Records for the task START
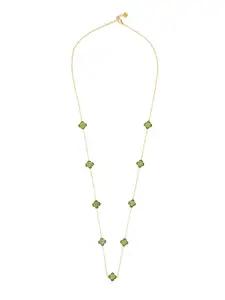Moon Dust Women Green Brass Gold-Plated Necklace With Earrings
Records for the task END
Records for the task START
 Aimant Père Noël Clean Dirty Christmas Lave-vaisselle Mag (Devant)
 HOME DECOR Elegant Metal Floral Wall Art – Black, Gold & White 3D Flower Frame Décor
Records for the task END
Keeping every character as it is, restate the lines above that run from the line with "Aimant Père Noël" through the line with "HOME DECOR Elegant", both included, and nothing else.

▶ Solution to this exercise:
 Aimant Père Noël Clean Dirty Christmas Lave-vaisselle Mag (Devant)
 HOME DECOR Elegant Metal Floral Wall Art – Black, Gold & White 3D Flower Frame Décor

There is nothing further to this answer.